▶ **What you will do**: Everything from the first line of the data below through the line that contains "Mobile TV 180x40x50" should be written out exactly, please, and nothing more; the pictures stay out.

□ □ □

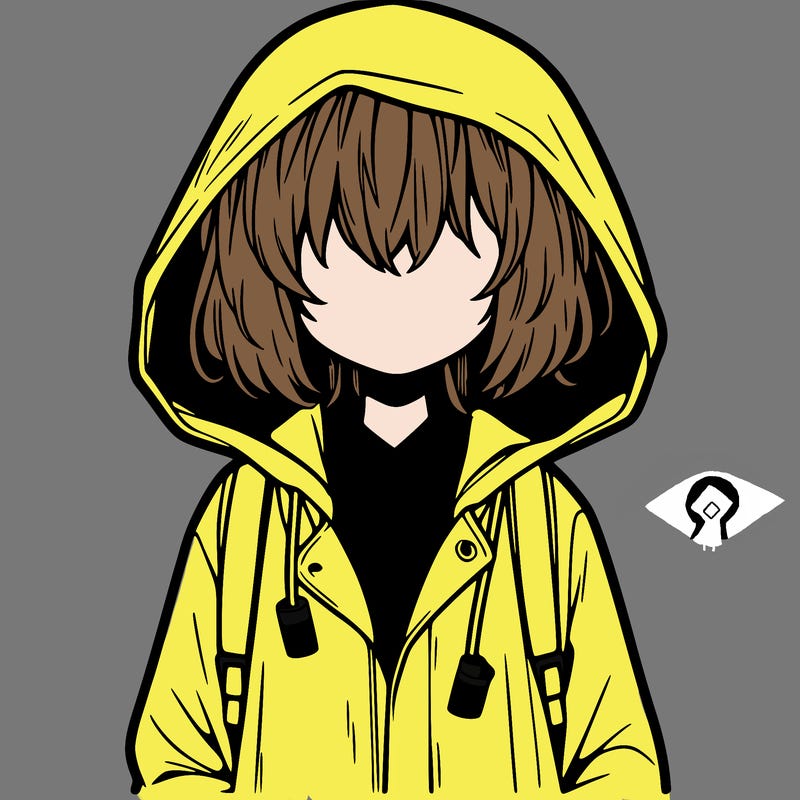 little anime girl in a raincoat her hair is covering her eyes she has a lighter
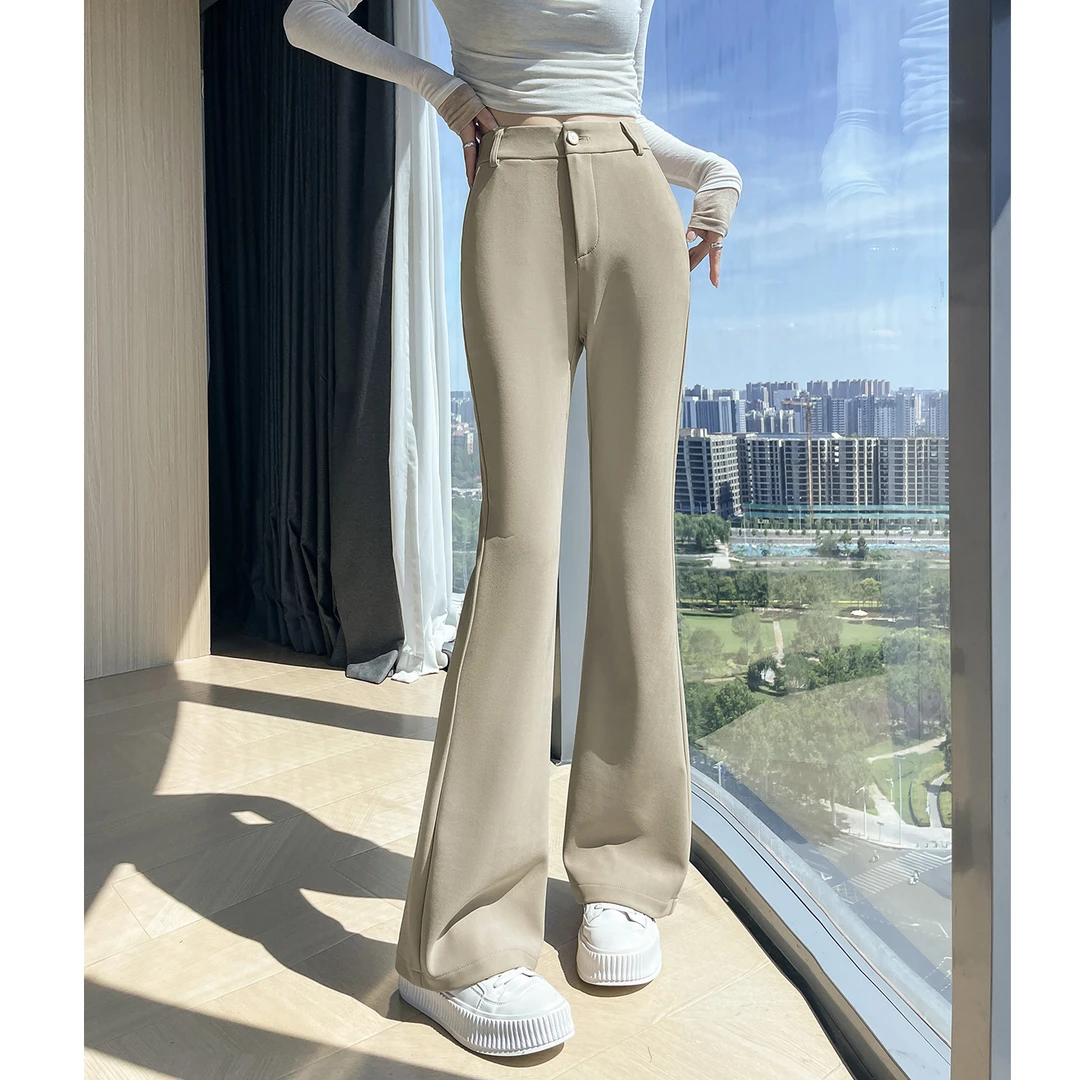 西装微喇裤女秋季2025新款高腰显瘦垂感直筒职场高级感垂感喇叭裤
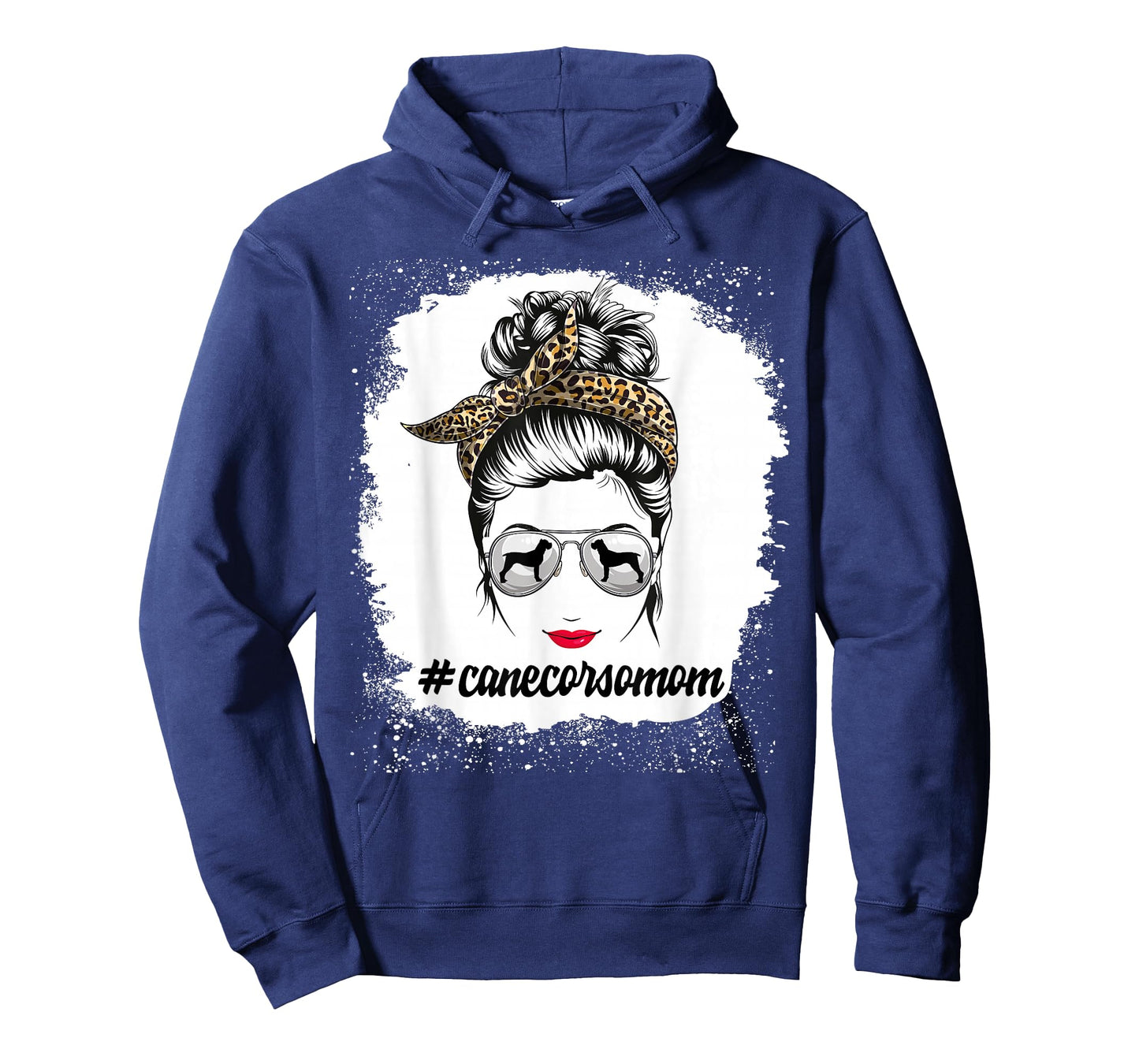 Cane Corso Dog Mom Bleached Messy Bun Leopard Women T-Shirt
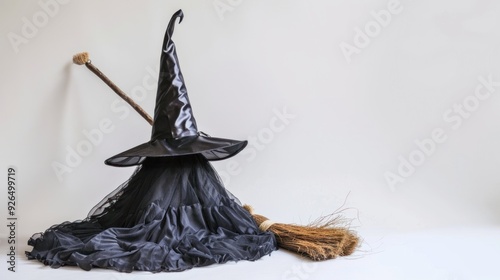 A witch costume, including hat and broom, displayed on a white background.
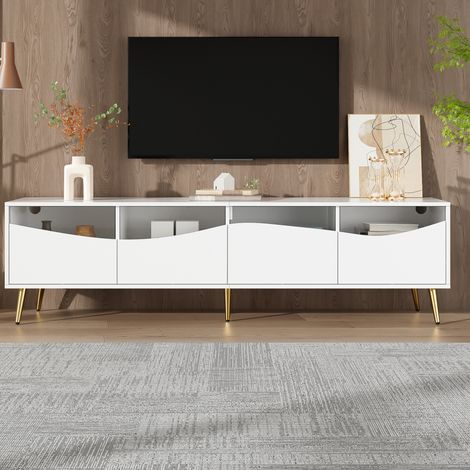 Mobile TV 180x40x50 cm bianco in MDF con vetro temperato, LED Bluetooth e contenitori (1/5)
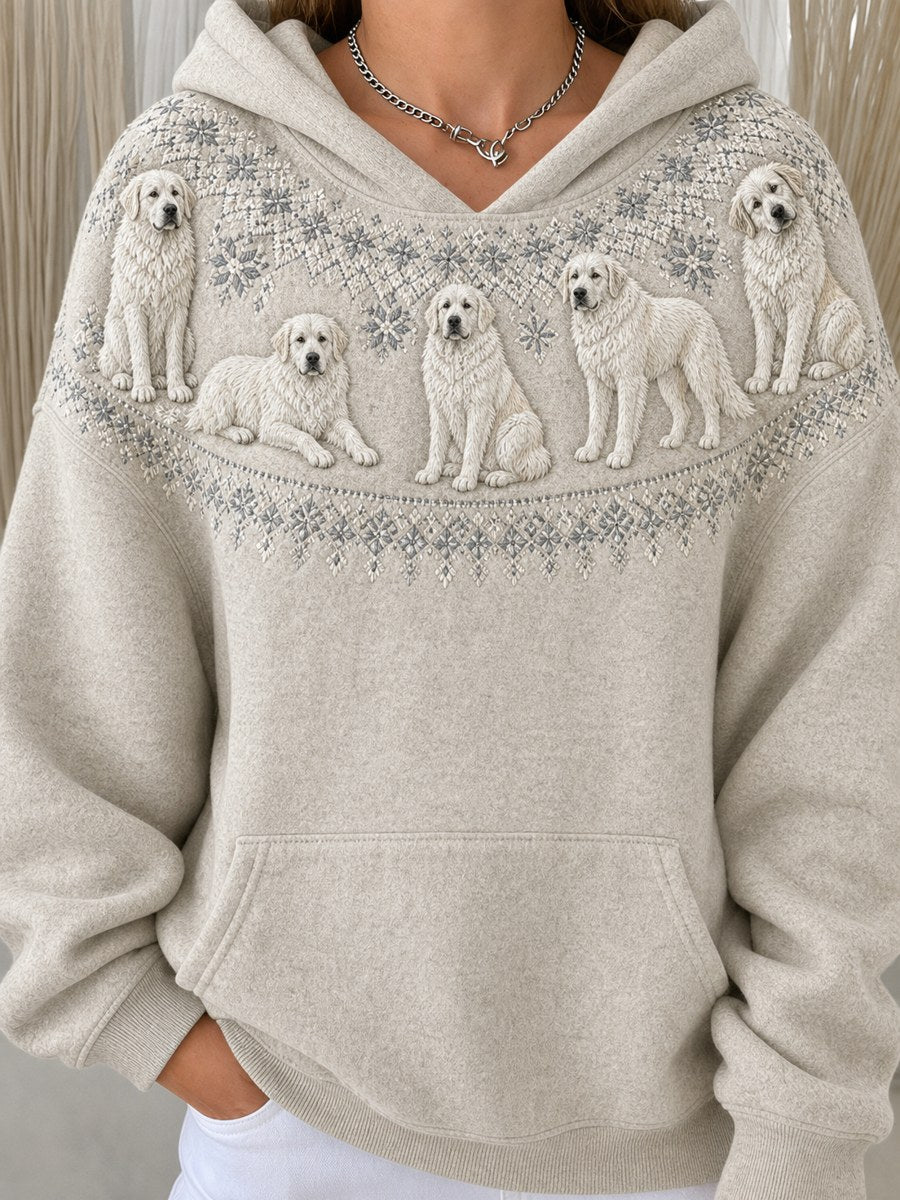 Damhoodie i vintagestil med tryckt mönster av Isle of Skye-terrierer, mysig och bekväm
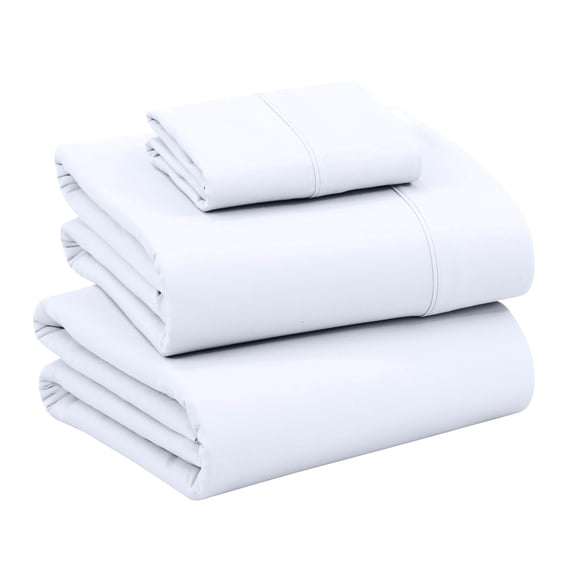 RUVANTI 100% Cotton Sheets Twin Size Percale Bedding, Cooling & Breathable, Durable with a Crisp, Soft & Comfortable Feel, 16" Deep Pocket, 3-Piece Set, Bright White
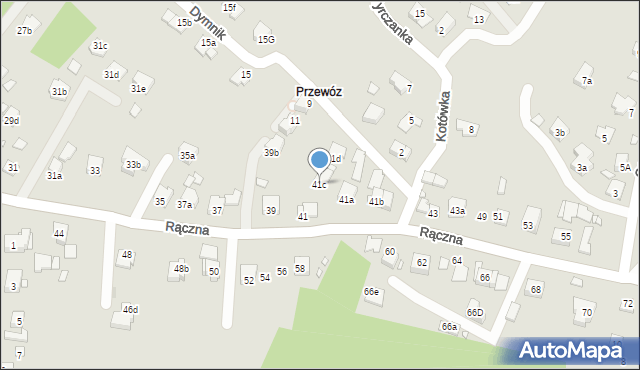 Kraków, Rączna, 41c, mapa Krakowa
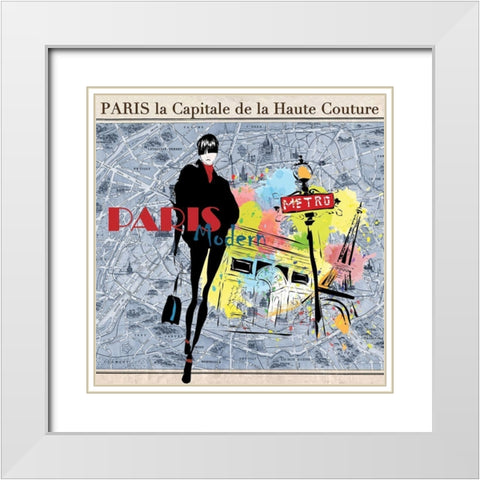 Paris Fashion Model White Modern Wood Framed Art Print with Double Matting by Verlen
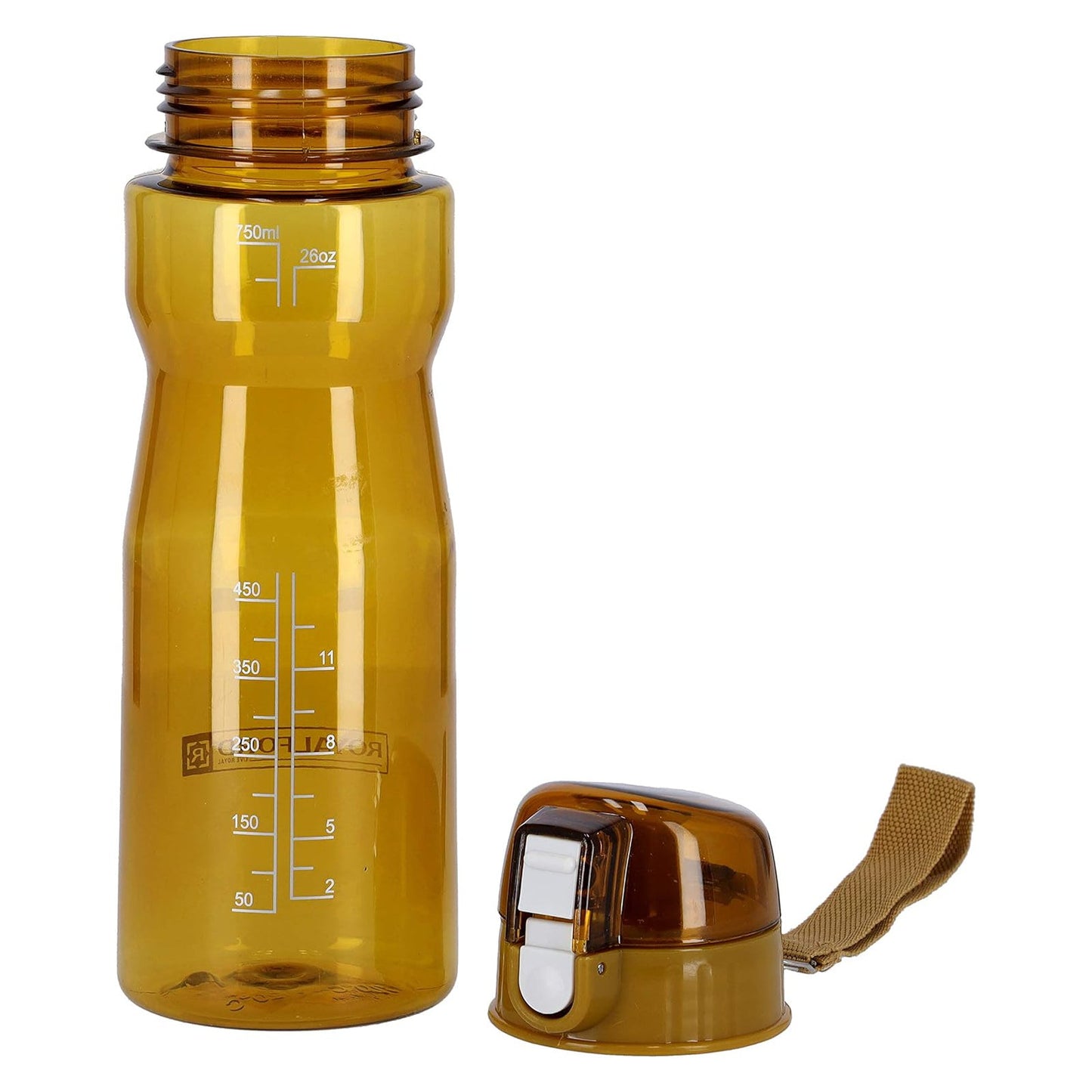 Royalford Water Bottle With Volume Marker Portable Bpa Free & Frosted Polymer Plastic, Fast Flow & Leak Proof Flip Lid With Carry Loop, Rf5224Tn, Royalford Water Bottle 750 Ml Tan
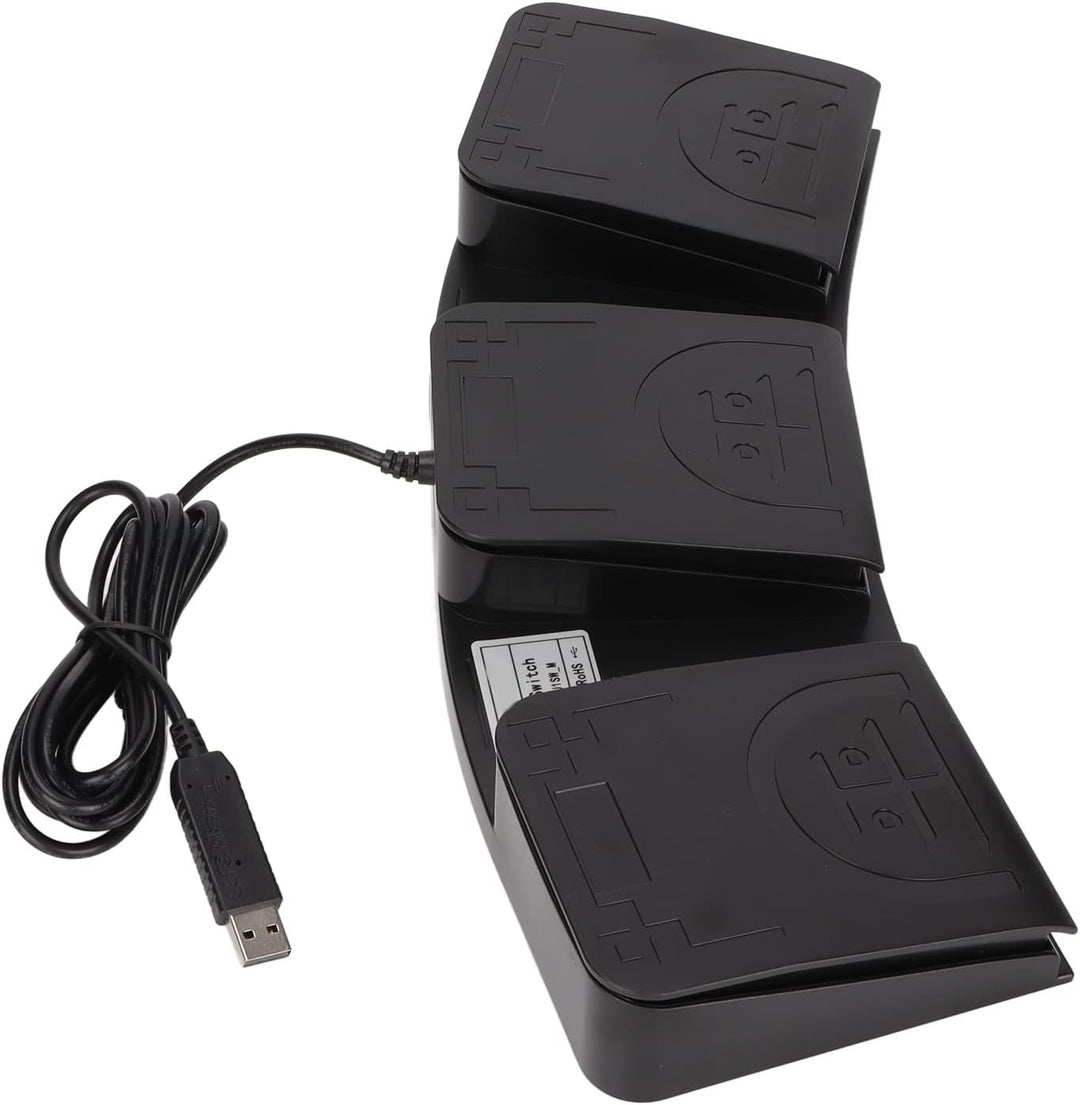 Bewinner USB Fussschalter Aktionsschalterpedal, 3 Tasten MIDI Controller Fussschaltersteuerung Angep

□ □ □

▶ **Exercise solution**:
 little anime girl in a raincoat her hair is covering her eyes she has a lighter
 西装微喇裤女秋季2025新款高腰显瘦垂感直筒职场高级感垂感喇叭裤
 Cane Corso Dog Mom Bleached Messy Bun Leopard Women T-Shirt
 A witch costume, including hat and broom, displayed on a white background.
 Mobile TV 180x40x50 cm bianco in MDF con vetro temperato, LED Bluetooth e contenitori (1/5)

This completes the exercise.